Crumble and Brown Hamburger, remove hamburger from skilled add onions and mushrooms. Brown onions and add mushrooms continue to cook until mushrooms release their juices.  Add hamburger back to pan and mix.  Add remaining ingredients stir until well combined.  Pour into your favorite baking dish (large) cover and bake for 30-45 minutes until rice is done.  Top with fresh parsley and a sprinkle of Parmesan cheese blend. 

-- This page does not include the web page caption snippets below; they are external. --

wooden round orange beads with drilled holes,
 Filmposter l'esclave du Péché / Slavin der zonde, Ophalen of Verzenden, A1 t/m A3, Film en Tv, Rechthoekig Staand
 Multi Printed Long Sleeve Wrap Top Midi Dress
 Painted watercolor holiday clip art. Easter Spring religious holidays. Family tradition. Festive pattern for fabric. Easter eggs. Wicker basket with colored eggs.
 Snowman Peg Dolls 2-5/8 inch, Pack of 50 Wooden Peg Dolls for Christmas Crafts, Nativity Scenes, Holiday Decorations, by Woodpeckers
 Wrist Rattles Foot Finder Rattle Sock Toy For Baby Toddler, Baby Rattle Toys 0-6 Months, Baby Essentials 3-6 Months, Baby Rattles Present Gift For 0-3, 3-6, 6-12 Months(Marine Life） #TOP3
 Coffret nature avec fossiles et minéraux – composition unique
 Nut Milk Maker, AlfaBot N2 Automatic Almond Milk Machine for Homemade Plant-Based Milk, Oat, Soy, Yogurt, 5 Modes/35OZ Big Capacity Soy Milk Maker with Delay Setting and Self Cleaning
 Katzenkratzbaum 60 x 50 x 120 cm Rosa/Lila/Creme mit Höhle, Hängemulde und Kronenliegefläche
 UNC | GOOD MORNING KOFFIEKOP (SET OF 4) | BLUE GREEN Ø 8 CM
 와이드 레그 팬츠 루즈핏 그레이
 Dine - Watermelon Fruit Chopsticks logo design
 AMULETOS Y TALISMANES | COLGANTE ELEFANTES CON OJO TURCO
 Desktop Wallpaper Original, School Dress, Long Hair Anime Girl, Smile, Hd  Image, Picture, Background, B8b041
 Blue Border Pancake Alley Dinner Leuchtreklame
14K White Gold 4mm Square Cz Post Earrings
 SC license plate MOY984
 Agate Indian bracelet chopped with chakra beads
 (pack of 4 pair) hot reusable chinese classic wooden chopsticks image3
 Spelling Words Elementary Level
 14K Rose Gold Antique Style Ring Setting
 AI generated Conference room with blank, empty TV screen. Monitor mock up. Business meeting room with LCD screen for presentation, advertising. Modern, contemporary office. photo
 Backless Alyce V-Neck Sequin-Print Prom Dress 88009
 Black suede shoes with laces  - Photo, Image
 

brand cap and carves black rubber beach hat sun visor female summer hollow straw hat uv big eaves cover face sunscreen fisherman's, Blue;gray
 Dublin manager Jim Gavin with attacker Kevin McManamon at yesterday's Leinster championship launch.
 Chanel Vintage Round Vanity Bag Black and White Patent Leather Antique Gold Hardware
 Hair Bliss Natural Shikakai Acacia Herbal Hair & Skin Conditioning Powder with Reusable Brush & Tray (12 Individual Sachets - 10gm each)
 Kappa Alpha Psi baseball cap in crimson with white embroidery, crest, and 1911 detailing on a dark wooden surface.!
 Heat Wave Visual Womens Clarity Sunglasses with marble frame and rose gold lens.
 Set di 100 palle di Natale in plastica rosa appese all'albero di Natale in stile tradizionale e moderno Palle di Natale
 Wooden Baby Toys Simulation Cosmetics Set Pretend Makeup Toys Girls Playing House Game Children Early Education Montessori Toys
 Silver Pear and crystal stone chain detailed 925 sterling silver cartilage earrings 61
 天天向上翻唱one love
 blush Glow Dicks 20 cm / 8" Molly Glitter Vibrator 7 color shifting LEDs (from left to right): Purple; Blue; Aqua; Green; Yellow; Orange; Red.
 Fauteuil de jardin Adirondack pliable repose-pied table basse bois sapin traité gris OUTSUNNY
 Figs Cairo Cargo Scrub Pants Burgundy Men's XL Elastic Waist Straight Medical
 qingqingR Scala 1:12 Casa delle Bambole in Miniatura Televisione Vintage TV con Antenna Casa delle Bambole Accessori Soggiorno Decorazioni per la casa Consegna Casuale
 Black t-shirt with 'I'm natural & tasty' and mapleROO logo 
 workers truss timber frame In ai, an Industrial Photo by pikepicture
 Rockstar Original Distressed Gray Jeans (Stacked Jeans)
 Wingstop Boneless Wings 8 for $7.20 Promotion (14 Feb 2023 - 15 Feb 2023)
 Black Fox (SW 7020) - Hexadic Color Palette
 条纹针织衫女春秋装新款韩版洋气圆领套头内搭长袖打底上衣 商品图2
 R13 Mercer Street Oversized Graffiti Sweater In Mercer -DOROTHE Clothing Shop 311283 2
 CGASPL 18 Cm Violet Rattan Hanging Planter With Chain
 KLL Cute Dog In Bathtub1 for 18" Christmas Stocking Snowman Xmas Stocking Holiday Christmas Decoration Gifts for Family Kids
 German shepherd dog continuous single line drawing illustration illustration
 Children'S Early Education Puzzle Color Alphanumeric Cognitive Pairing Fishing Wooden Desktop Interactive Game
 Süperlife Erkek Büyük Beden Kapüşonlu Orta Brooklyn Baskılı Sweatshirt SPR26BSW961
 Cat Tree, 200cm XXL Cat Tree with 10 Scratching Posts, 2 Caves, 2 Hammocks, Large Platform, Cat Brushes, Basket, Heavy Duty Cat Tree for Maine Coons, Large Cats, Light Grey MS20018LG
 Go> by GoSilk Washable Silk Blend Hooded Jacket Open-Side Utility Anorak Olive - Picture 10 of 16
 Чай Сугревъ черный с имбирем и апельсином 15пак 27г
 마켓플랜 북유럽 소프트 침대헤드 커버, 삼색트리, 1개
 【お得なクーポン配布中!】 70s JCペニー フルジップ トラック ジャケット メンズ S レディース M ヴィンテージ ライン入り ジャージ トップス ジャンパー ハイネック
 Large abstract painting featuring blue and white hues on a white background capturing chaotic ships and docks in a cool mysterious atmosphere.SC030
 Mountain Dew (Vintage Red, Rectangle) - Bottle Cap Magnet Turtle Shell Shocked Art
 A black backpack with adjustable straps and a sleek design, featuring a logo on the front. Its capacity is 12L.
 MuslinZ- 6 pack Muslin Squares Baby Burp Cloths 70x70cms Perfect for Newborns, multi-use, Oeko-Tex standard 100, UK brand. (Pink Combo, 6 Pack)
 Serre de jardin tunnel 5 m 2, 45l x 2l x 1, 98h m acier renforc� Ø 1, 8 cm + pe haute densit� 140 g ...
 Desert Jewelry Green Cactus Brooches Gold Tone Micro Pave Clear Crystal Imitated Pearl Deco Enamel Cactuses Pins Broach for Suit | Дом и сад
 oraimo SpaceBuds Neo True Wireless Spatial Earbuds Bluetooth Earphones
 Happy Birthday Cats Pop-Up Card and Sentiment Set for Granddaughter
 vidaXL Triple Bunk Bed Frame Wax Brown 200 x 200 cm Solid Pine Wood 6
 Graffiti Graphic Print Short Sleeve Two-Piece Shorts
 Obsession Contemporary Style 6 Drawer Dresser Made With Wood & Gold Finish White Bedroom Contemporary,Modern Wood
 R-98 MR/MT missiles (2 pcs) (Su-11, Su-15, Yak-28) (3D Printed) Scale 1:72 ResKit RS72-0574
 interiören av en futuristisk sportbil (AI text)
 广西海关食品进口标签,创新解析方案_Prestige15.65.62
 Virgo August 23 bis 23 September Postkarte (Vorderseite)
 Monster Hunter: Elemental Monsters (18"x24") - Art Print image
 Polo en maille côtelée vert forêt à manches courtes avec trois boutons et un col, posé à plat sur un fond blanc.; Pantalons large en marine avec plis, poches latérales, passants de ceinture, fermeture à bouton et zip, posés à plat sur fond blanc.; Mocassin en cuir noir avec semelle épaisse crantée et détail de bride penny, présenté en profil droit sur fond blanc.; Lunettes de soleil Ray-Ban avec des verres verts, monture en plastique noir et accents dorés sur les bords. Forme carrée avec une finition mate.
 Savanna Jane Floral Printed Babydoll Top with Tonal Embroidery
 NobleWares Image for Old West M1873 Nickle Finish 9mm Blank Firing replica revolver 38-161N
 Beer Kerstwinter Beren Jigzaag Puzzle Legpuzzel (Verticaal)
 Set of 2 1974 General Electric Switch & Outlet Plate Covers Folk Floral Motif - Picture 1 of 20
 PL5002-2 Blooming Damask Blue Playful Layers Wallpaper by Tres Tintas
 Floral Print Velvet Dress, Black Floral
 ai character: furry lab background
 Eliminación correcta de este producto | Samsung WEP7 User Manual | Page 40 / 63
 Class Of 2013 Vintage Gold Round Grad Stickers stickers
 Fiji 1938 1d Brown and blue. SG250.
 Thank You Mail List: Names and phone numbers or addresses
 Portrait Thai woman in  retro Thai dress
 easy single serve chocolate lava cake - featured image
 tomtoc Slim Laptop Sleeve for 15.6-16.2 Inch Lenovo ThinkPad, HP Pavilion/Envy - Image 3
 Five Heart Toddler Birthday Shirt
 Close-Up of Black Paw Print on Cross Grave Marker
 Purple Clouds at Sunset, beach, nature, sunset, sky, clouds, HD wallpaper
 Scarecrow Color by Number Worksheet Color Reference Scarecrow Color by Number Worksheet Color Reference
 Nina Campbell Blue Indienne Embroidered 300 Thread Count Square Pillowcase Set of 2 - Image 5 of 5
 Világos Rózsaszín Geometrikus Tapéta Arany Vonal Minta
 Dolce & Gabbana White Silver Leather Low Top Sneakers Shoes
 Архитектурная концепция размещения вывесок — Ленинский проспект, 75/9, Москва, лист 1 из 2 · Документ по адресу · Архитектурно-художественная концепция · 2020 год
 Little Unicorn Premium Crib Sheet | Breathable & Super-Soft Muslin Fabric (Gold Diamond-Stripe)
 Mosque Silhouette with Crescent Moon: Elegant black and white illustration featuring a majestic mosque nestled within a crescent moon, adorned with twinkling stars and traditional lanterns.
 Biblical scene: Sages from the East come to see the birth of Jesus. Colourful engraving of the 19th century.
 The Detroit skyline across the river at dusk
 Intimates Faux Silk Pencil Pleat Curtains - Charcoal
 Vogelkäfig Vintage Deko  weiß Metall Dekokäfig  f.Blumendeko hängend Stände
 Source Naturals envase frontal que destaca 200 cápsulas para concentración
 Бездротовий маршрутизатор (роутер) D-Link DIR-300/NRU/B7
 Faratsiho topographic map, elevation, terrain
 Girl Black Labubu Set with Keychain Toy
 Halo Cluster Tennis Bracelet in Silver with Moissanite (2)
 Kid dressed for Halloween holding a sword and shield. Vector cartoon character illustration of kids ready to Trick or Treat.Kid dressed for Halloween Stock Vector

Wednesday, October 15, 2014

HELLMAN'S PARMESAN CRUSTED CHICKEN

Okay I fell for a TV commercial... Hellmann's has been advertising this recipe on the Tube for a while now.  It's finally cool enough to fire up the old oven and give it a try.  After seeing the ingredients, it looked a little dull. The addition of our favorite Blackened Seasoning gave it just enough favor.  I served with cubed fried sweet potatoes.  The meat came out as juicy as Hellmann's promised.


INGREDIENTS
1/2 cup Hellmann's® or Best Foods® Real Mayonnaise
1/4 cup grated Parmesan cheese
4 boneless, skinless chicken breast halves
4 tsp. Italian seasoned dry bread crumbs (I used Panko Crumbs)
Blackened Seasoning to taste

DIRECTIONS
First lightly dust chicken with Blackened Seasoning and return to refrigerator for at least an hour.

Preheat oven to 425°.

Combine Hellmann's® or Best Foods® Real Mayonnaise with cheese in medium bowl. 

Arrange chicken on baking sheet. 

Evenly top with Mayonnaise mixture, then sprinkle with bread crumbs and a little more of the Blackened Seasoning.

Bake until chicken is thoroughly cooked, about 20 minutes.